Lots of people were in the vicinity, from time to time, but none were aware of the strategic research.
Sidetracked by a phone call from out of state, I interrupt my usual meandering to report a discovery that may improve everyday domestic life.
Paraphrasing, the request was: “How do you take out those pesky flies? We’ve been chasing one all around, and can’t get rid of it.”
My solution is the result of laborious research while lifeguarding in the local country club pool during college summers. One assignment was at the poolside, one was at the basket and check-in counter. It was at the latter where the research was conducted.
During slow moments in the check-in duty, concentration on whatever I was reading was continually disrupted by one or more of those helicopter insects, “helicopter” being the operable term.
To briefly (for me) cut to the chase, the discovery, after hours of frustration, was that the housefly has incredibly superior HTO (horizontal take-off), but inversely limited VTO (vertical take-off).
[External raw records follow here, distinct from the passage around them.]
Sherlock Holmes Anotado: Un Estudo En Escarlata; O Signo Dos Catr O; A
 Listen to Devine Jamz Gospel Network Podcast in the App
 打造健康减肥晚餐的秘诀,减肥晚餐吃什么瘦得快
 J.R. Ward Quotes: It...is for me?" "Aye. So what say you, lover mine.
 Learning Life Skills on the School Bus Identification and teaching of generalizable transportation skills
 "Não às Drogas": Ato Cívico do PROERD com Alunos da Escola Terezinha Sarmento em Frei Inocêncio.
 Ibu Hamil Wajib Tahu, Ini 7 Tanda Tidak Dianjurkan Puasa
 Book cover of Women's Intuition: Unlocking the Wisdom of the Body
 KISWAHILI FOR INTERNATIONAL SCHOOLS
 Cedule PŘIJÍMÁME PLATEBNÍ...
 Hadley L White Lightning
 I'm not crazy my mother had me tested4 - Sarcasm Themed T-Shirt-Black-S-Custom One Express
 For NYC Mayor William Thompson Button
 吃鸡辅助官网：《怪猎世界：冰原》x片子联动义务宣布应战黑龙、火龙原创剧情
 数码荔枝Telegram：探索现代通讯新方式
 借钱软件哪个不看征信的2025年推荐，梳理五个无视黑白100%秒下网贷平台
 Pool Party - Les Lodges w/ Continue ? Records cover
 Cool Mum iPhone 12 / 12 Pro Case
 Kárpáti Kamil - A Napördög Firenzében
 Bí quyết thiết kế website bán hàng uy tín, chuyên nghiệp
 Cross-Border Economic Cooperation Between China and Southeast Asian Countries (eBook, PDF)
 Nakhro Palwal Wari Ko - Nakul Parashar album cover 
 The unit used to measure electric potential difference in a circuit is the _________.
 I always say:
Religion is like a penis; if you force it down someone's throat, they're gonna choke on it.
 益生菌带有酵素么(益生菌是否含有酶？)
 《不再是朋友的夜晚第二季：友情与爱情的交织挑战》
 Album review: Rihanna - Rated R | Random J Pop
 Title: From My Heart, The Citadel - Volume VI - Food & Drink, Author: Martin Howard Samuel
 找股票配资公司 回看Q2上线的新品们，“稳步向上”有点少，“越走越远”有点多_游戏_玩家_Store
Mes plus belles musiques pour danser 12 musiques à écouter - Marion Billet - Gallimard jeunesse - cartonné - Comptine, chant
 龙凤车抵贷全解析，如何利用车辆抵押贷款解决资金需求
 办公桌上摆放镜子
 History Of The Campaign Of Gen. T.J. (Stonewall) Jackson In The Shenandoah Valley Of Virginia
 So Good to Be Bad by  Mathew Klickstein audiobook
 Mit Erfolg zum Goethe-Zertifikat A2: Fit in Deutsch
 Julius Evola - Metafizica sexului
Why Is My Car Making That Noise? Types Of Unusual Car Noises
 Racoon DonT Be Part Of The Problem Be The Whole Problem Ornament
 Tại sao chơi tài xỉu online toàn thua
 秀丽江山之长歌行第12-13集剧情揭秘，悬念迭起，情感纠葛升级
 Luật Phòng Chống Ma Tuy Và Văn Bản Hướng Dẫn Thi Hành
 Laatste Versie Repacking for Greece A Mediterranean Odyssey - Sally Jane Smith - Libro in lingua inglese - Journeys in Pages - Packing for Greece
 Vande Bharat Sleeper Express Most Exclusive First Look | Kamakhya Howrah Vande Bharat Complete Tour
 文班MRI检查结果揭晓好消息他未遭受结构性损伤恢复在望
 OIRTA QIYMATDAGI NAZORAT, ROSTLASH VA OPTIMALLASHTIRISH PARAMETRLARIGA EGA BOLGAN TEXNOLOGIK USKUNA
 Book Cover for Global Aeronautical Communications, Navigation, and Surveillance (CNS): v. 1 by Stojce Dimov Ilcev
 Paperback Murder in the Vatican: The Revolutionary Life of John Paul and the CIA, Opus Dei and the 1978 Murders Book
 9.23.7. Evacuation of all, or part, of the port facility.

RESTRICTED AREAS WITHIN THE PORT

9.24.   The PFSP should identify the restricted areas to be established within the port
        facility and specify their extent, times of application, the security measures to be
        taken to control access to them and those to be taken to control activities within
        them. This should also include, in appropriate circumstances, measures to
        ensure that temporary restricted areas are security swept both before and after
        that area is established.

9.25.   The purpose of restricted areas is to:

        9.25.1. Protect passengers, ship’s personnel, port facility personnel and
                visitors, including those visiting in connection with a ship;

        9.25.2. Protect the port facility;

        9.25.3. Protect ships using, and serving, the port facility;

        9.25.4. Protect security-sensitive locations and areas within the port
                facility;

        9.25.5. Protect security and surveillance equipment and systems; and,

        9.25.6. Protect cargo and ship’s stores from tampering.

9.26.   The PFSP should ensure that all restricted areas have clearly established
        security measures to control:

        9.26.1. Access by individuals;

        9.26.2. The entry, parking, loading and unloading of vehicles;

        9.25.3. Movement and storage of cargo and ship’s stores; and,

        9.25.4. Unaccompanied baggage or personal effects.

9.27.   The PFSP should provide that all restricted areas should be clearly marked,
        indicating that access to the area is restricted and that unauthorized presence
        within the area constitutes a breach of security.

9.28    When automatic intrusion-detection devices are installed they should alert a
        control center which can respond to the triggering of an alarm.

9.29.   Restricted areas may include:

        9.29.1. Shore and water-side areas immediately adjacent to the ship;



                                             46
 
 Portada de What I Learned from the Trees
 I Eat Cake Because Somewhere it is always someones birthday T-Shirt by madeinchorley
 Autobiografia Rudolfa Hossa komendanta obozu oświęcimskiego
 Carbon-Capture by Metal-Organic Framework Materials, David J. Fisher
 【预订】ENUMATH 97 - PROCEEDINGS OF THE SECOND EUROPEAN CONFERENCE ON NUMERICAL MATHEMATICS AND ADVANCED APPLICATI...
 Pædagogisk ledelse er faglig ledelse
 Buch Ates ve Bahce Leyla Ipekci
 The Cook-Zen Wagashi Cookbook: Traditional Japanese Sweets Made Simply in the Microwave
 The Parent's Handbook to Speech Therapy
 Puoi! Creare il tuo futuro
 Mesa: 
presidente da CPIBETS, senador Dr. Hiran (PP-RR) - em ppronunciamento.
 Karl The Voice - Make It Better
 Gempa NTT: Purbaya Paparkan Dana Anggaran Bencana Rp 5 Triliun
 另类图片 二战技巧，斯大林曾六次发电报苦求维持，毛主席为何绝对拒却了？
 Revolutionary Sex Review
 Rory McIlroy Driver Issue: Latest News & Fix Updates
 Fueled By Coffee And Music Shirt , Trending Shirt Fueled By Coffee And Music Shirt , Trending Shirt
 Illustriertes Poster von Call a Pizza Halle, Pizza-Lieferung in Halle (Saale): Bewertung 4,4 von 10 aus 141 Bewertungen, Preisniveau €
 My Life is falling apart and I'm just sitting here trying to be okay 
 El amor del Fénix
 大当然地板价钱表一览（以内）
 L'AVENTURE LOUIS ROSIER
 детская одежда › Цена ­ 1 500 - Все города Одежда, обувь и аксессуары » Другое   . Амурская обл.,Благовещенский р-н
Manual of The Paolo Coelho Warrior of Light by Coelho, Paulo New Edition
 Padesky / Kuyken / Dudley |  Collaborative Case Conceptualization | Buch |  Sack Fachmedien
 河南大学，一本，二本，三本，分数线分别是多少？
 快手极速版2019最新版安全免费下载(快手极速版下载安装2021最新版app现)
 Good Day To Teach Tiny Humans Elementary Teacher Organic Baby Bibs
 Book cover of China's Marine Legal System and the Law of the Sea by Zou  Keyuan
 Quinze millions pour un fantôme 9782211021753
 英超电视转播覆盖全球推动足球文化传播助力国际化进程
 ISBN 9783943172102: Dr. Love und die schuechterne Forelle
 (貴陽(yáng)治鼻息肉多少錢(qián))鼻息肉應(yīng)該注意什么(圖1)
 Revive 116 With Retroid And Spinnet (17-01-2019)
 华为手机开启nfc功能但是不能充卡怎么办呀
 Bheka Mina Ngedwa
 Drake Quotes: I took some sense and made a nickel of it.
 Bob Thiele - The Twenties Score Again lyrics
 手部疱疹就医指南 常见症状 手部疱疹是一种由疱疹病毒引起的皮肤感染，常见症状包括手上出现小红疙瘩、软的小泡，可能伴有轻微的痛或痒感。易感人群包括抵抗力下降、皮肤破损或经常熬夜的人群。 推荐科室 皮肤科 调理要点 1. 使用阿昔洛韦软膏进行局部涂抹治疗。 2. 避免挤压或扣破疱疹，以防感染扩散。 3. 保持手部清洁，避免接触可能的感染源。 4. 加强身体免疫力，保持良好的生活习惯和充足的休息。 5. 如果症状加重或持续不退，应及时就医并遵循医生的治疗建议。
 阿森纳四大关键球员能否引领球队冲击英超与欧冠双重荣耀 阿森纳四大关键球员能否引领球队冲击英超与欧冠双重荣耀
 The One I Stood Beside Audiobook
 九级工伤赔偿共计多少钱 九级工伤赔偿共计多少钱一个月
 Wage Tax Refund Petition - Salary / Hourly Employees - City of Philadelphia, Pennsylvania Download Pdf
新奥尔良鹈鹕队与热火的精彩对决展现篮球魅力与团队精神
My research experiments revealed two methodologies for countering these tendencies:
- Almost assured success — rather than a one-handed slap at the beast (advantage, housefly), slowly surround the intruder sideways with both hands, and a forceful clap will end the distraction about half of the time – 50%! – assuming the invader is at rest, wall or table, bowl or goblet.
One caution: maximum effectiveness is achieved with total surprise, but social niceties may require alerting guests at table that a serenity break is about to occur. (i.e., Ask permission.) This warning may affect the percentage of success, due to nervousness of the problem solver under intense observation, or hyper-activation of the insect’s alert system from the focused attention. (With no warning, observers may gasp to attention at the sudden movement and loud hand clap, but then at least acknowledge relief of the symptom.) Upon conquering the enemy, the enforcer, with equal finesse, must remove the victim forthwith from its final resting place on table, floor, plate, or bowl.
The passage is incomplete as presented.